Menurutnya, media yang merupakan bagian dari empat pilar demokrasi harus tetap menjadi corong atau jembatan bagi perusahaan maupun lembaga pemerintah. Sebab, berdasarkan survei Imogen Communication Institute (ICI) terhadap 140 media di 10 kota besar di Indonesia, 70,2 persen responden menyatakan pandemi COVID-19 ini berdampak terhadap bisnis media.
"Industri media memiliki sejarah panjang dan kontribusi dalam perjuangan bangsa sejak sebelum kemerdekaan hingga masa sekarang," katanya.
"Maka saya mendukung agar pemerintah pusat dan daerah mengalokasikan anggaran yang memadai untuk belanja iklan di media mainstream sebagai bagian dari menjaga ketahanan nasional," ujarnya.
Terpisah, Ketua Fraksi Nasdem DPR RI, Ahmad M Ali menjelaskan, program-program pemerintah untuk menangkal hoaks dan literasi media berada di ambang kegagalan jika tidak ada upaya afirmatif terhadap industri media.
“Bisa dibayangkan kalau teman-teman jurnalis tidak bisa lagi dipekerjakan oleh industri media. Hoaks, disinformasi, dan lainnya akan merajalela. Kerja jurnalis itu harus didukung pemerintah, lembaga-lembaga pemerintah, kementerian dan lainnya harus punya kebijakan afirmatif belanja media,” katanya.
Ali menegaskan, kebijakan afirmatif bagi keberlangsungan industri media mutlak diperlukan saat ini. Di masa gempuran informasi yang bertubi-tubi, menurutnya, hanya kerja jurnalistik yang bisa menjadi harapan dari masyarakat informasi yang sehat.

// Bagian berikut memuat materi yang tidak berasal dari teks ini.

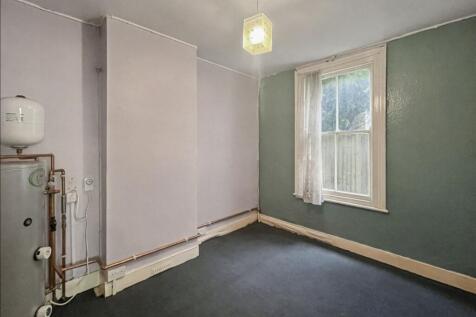 65 Burntwood Lane, London SW17 0AJ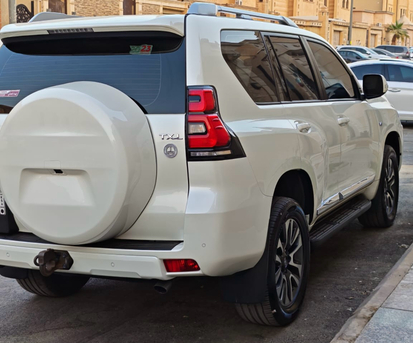 Riyadh, Vehicles, Cars & Trucks , SAR 155,  Toyota Land Cruiser,  2023,  Automatic,  89768 KM,   Prado   V6 TXL Excellent Condition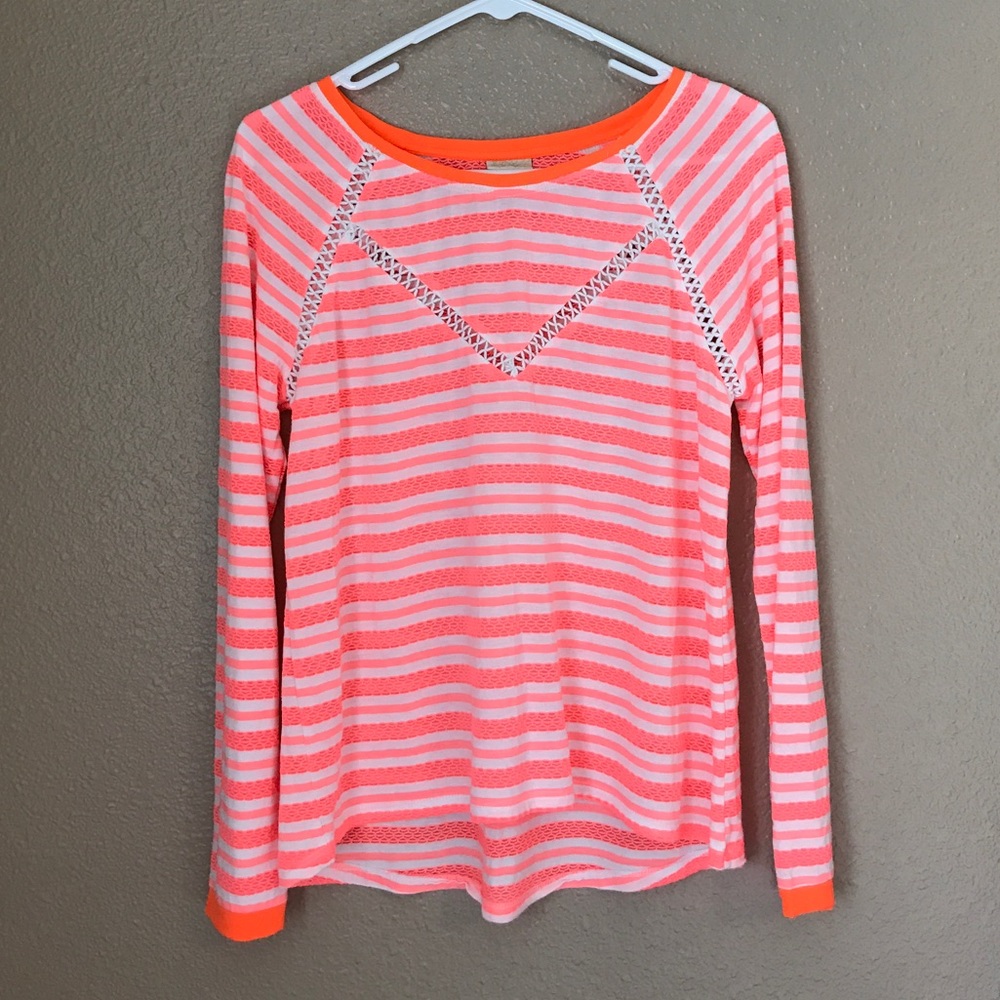 ⭐️NWOT⭐️Day trip (Buckle) top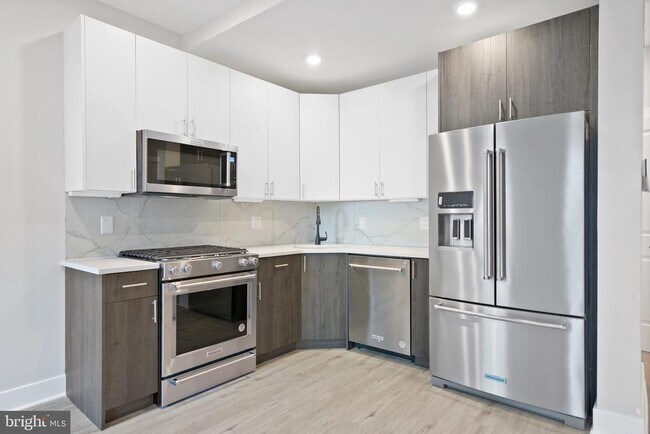 Building Photo - 408 N Front St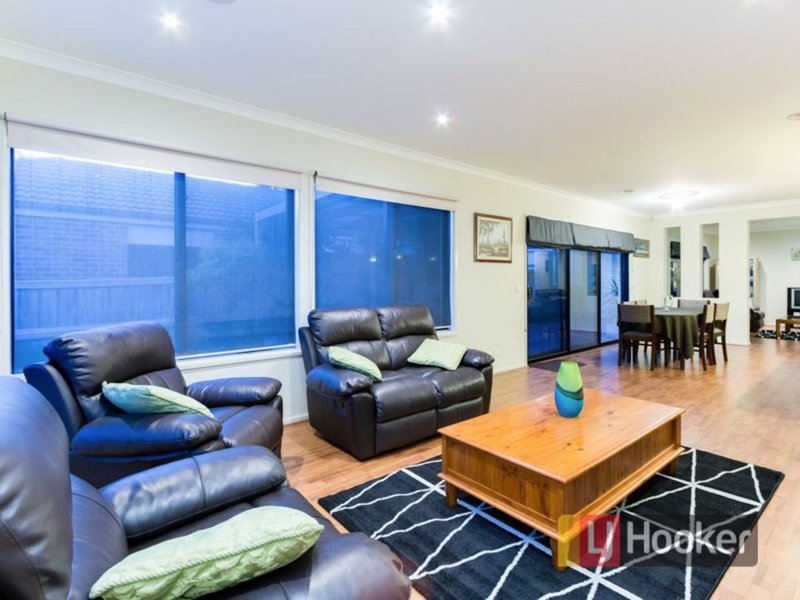 Photo - 17 Montpelier Drive, Berwick VIC 3806 - Image 9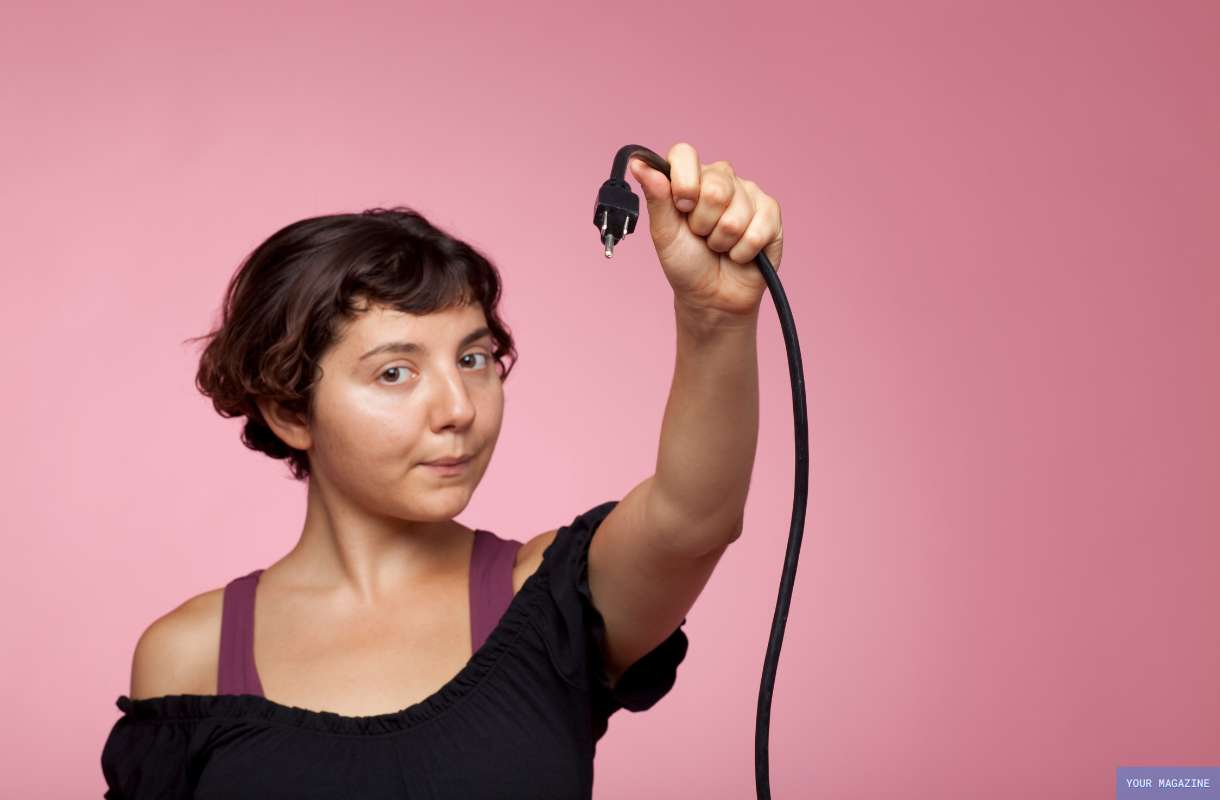 débrancher les fils électriques avant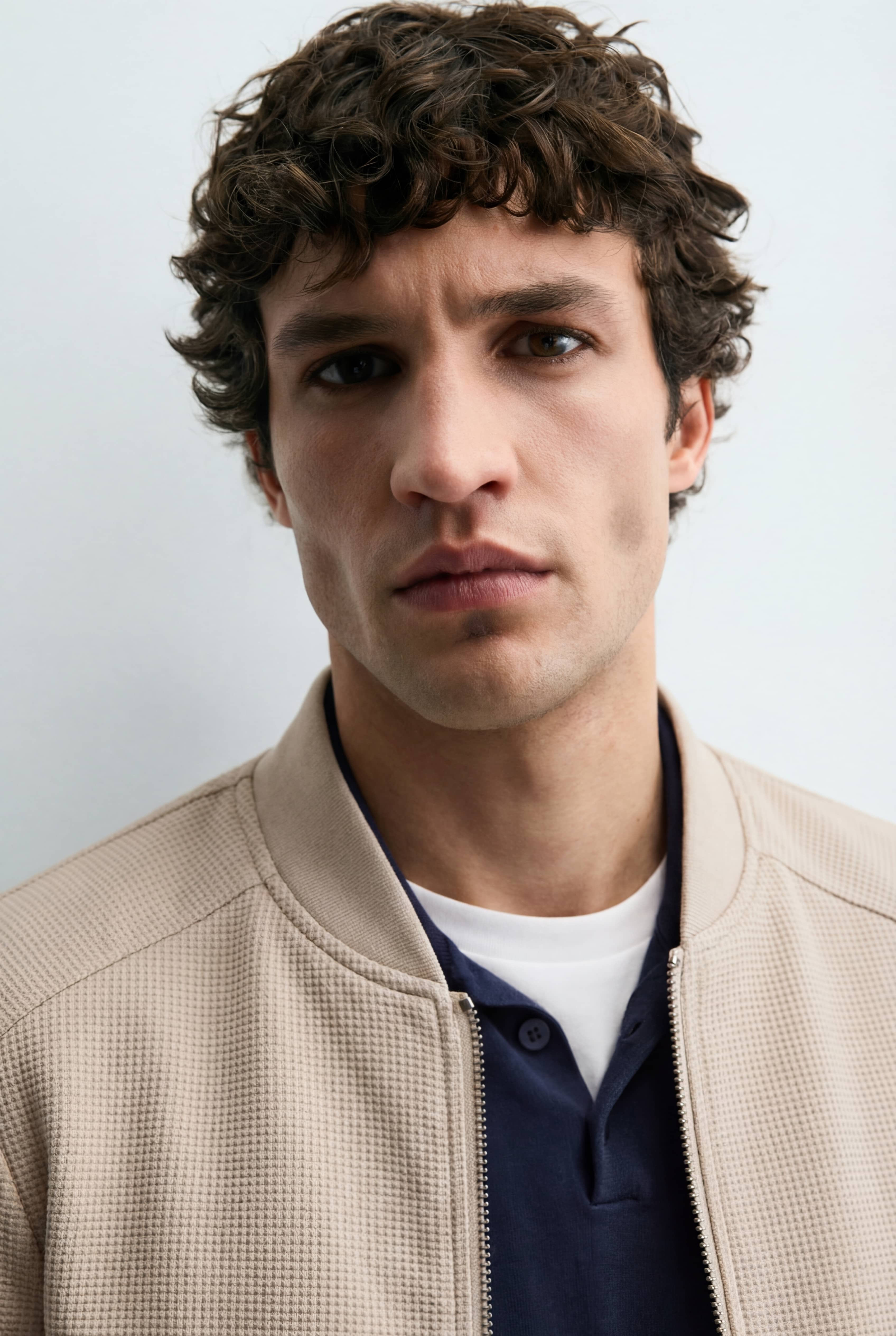 Bomber Detalle Sutil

“Industri pers itu dalam pengeluarannya sama dengan industri lain. Dia butuh belanja mulai dari energi yang dipakai, kertas, biaya kantor dan gudang, sampai biaya riset dan inovasi. Sialnya, industri media tidak bisa bekerja serta merta hanya untuk mencari untung seperti industri komersial lainnya. Dari situlah panggilan tanggung jawab pemerintah karena pers merupakan bagian dari pilar demokrasi,” ujarnya.
Ali menambahkan, robohnya industri media akan menjadi bahaya bagi Indonesia. Karena itu, belanja iklan institusi pemerintah perlu diarahkan sebagai stimulus media di tengah pandemi saat ini.
"Pemerintah sudah tepat menciptakan situasi di mana demand terhadap industri media tetap bertahan dan membesar dengan kampanye anti hoaks dan penyesatan informasi. Perlu juga dorongan dari sisi suplai, belanja media dari institusi pemerintah juga harus didorong. Toh juga banyak kebijakan dan rencana strategis pemerintah yang perlu disosialisasikan,” ujarnya.